5. You need the right people involved
There’s increasing interest in working with third parties to solve the challenges of AI bias. 47% of respondents already rely on third-party AI bias experts or consultants, and 64% say they would hire an AI firm to make sure their organization’s algorithms were not biased.
Haniyeh thinks this is a sensible approach—not least when considering the mismatch issues mentioned earlier: “If you’re concerned about bias, you might only test in one definition, but somebody else would come and test in a different way. So in your original way of evaluating, you might be fair; but in a different one, you’d be biased.”
Naturally, context determines when outsourcing and partnerships should be considered. Haniyeh reckons for simple marketing, it’s unlikely you’d need a third party to audit your use cases. But for high-risk use cases like hiring, it’s appropriate. That said, she notes working with others can be beneficial for any organization that thinks it’s too close to see problems, or that wants to be more confident in work that’s being done, and “see what’s found in respect to what the company’s already observed.” Third parties can also help audit a system based on requirements that will soon arise from regulation.
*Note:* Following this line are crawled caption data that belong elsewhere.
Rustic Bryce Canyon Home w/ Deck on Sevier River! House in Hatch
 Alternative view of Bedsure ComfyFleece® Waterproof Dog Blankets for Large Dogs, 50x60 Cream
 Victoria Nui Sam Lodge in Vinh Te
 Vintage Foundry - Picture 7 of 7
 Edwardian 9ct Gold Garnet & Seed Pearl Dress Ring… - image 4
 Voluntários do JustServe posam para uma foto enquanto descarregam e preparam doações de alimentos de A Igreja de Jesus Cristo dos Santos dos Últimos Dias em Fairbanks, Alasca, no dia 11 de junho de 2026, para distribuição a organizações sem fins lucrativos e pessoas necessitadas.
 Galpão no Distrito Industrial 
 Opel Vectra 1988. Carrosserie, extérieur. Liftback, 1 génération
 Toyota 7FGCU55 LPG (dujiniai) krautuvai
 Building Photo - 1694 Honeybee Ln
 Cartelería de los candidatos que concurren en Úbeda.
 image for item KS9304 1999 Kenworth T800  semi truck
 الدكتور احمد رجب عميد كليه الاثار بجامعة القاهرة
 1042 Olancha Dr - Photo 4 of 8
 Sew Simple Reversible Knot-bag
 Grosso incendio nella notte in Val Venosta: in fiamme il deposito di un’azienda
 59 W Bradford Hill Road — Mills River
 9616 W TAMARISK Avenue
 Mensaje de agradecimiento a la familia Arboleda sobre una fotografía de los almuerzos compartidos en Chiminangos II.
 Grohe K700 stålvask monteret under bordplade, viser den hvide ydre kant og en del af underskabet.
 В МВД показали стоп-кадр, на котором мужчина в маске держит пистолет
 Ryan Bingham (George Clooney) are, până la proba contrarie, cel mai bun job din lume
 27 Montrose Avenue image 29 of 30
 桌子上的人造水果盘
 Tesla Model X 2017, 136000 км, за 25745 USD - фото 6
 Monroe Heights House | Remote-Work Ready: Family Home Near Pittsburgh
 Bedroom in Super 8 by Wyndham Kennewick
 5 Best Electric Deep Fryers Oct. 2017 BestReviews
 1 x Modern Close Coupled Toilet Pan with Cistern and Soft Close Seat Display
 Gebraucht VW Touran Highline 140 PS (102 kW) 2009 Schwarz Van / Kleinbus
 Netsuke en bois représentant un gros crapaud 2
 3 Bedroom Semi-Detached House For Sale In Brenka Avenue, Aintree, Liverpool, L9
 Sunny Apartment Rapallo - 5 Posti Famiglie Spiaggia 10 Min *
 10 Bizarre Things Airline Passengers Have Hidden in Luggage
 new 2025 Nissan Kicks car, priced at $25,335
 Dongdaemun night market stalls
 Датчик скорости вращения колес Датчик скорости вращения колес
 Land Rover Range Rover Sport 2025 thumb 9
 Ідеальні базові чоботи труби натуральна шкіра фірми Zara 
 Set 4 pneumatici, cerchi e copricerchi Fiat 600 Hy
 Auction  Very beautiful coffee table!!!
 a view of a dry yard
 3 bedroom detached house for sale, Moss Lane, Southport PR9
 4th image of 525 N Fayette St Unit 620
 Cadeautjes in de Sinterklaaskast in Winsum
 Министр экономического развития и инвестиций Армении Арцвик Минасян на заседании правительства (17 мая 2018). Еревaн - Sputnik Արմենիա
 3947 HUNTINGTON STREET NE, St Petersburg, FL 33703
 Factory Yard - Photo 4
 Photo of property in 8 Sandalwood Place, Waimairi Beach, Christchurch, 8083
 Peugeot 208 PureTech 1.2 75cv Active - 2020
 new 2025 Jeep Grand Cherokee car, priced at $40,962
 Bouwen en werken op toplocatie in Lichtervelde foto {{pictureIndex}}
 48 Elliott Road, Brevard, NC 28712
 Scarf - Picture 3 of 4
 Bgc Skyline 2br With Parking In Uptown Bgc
6. The future will be collaborative, greener and better managed
A key aim of the survey was to explore how AI bias—and ways to prevent it—will continue to evolve, from the perspective of industry figures looking at the challenge from a holistic, systemic level. For Haniyeh, a key finding was that the “notion of using a third-party or consultants for measuring AI bias has increased,” a trend she expects to continue. Meanwhile, Ted says the “green impact of all this computer power needs to be understood,” and expects AI to become “wrapped up in the umbrella of ESG,” with stakeholders having to explore the environmental impact. “And that’s interdisciplinary,” he adds, which will force companies to look into relevant governance processes and regulation.
Colin adds that rapid progression and change could soon usher in a range of benefits: “I’m optimistic we will observe the evolution of AI governance, a deeper awareness of potential threats, and a transition from crisis management to reliable business-as-usual processes to manage these risks.” And this needs to happen, because companies have a lot to lose if they don’t address AI bias.
The onus now is on companies to be responsible and ethical when leveraging AI. They must use relevant resources to ensure the success of their efforts, including educating employees, putting guardrails in place, and working with third-party expertise to support bias initiatives. The last of those is perhaps most important of all: humans can create flaws in AI and be over-confident in their own solutions, but other people can examine systems with fresh eyes and advise how to optimize them, remove biases, and therefore remove risks that would otherwise negatively impact an organization.